BRIEF: From the line below containing "this 350×262 image." to the final line, print each line exactly as written. No pictures belong in the copy.

======== MATERIAL FOR THE TASK ========

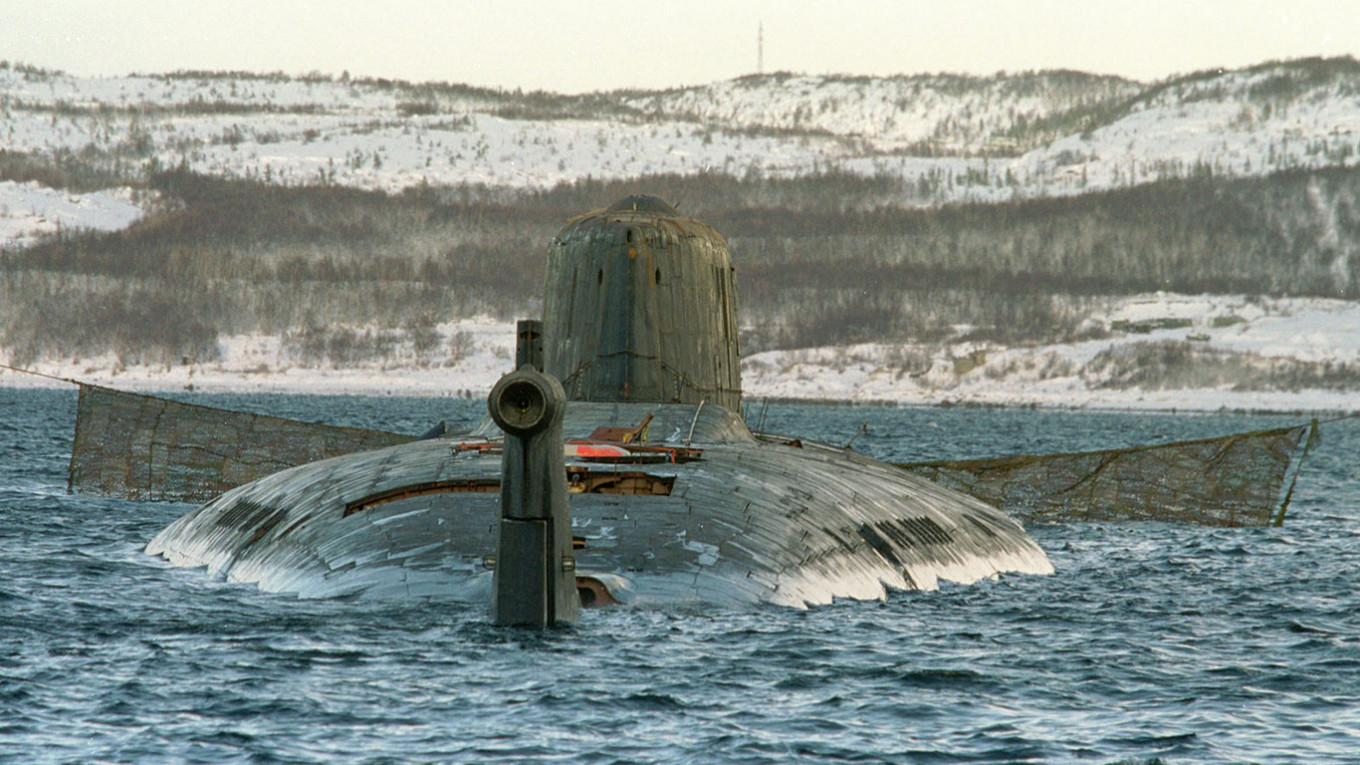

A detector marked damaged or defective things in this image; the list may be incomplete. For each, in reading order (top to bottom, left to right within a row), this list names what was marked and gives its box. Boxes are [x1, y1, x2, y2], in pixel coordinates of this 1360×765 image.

damaged hull tiles [146, 400, 1049, 607]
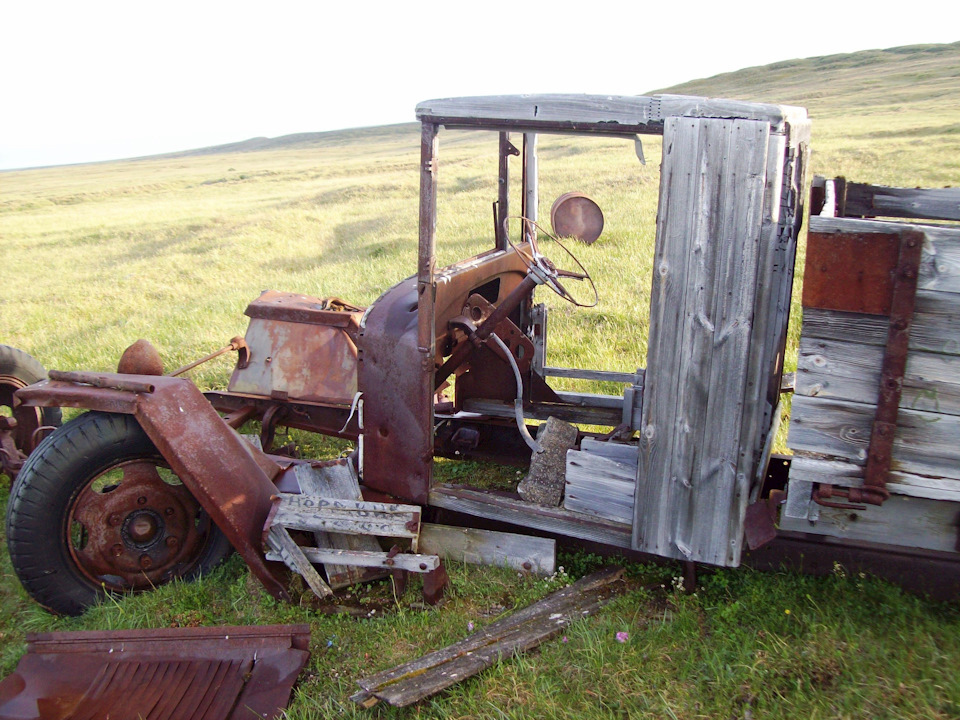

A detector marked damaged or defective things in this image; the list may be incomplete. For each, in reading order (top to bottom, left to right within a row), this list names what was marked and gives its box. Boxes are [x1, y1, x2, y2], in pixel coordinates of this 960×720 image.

rusted abandoned truck [7, 94, 960, 612]
broken wooden board [292, 464, 386, 588]
broken wooden board [418, 524, 556, 572]
broken wooden board [348, 564, 628, 704]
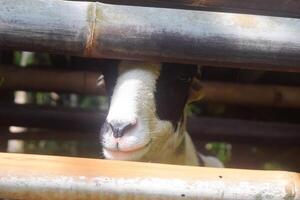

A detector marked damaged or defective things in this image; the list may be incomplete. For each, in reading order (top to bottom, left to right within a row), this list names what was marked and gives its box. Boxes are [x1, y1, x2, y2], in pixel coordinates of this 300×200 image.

rusty metal bar [98, 0, 300, 17]
rusty metal bar [1, 0, 300, 71]
rusty metal bar [1, 66, 300, 108]
rusty metal bar [0, 103, 300, 144]
rusty metal bar [0, 152, 298, 199]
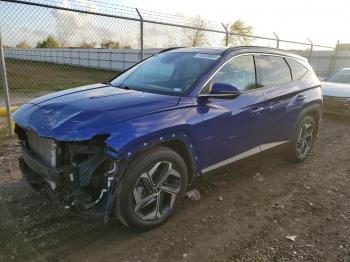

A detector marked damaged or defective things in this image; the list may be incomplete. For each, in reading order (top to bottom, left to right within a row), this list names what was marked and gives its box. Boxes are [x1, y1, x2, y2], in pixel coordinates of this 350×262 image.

crumpled hood [12, 84, 180, 141]
damaged blue suv [12, 46, 322, 229]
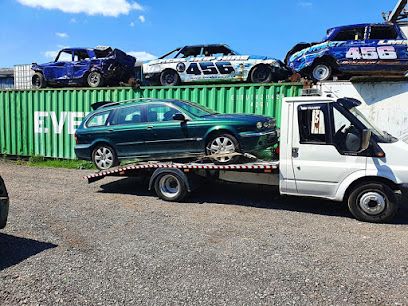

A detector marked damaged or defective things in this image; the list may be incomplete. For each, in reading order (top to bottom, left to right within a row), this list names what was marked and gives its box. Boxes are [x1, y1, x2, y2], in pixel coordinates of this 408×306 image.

crashed race car [31, 46, 136, 88]
dented car panel [33, 47, 135, 86]
dented car panel [143, 43, 290, 84]
crashed race car [143, 44, 290, 86]
dented car panel [288, 22, 406, 77]
crashed race car [286, 22, 408, 81]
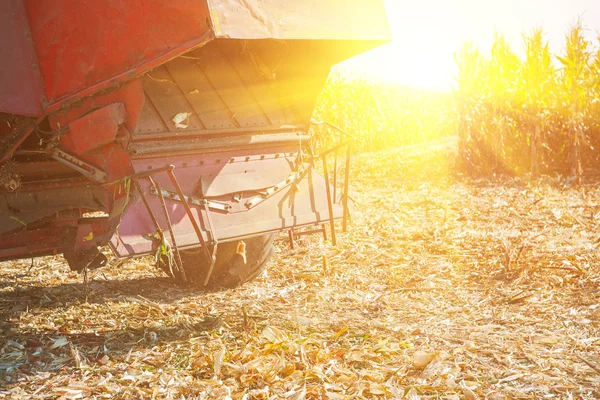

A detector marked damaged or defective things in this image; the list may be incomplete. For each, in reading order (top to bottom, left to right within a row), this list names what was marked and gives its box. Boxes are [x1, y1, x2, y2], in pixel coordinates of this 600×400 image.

rusty metal surface [206, 0, 390, 40]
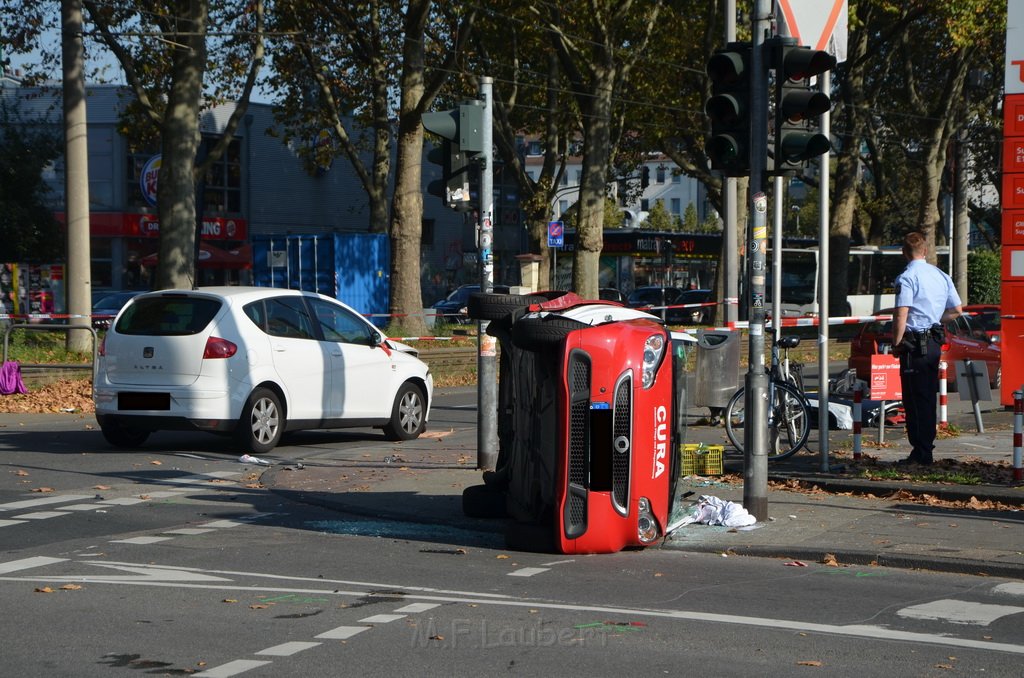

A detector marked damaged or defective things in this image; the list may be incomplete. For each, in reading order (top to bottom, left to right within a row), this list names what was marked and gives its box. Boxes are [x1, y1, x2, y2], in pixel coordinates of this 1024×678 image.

red overturned car [462, 288, 688, 557]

========

THE COMPLETED TASK:
A detector marked damaged or defective things in this image; the list may be incomplete. For each, in reading order (top to bottom, left to right within a row), this list names what was marked and gives its box. Boxes are [x1, y1, x2, y2], in pixel coordinates of this 350×262 image.

crumpled hood [12, 84, 180, 141]
damaged blue suv [12, 46, 322, 229]

A detector marked damaged or defective things in this image; the list may be incomplete. For each, in reading order (top to bottom, left to right within a row), this list names what was marked and gives its box. Boxes are [x1, y1, x2, y2], in pixel coordinates of this 408×306 image.

crashed race car [31, 46, 136, 88]
dented car panel [33, 47, 135, 86]
dented car panel [143, 43, 290, 84]
crashed race car [143, 44, 290, 86]
dented car panel [288, 22, 406, 77]
crashed race car [286, 22, 408, 81]

A detector marked damaged or defective things in this image; the list may be incomplete. For each, in reading order (top to bottom, left to right within a row), this list names what was marked and gives its box. Boxes are [x1, y1, x2, y2], in pixel coordinates of this 600×400 image.

rusty metal surface [206, 0, 390, 40]

A detector marked damaged or defective things in this image; the list may be incomplete. For each, in reading order (top to bottom, left to right within a row), this list names what was marked and gives its box. Boxes are [x1, y1, x2, y2], in pixel coordinates of this 1024×678 image.

red overturned car [462, 288, 688, 557]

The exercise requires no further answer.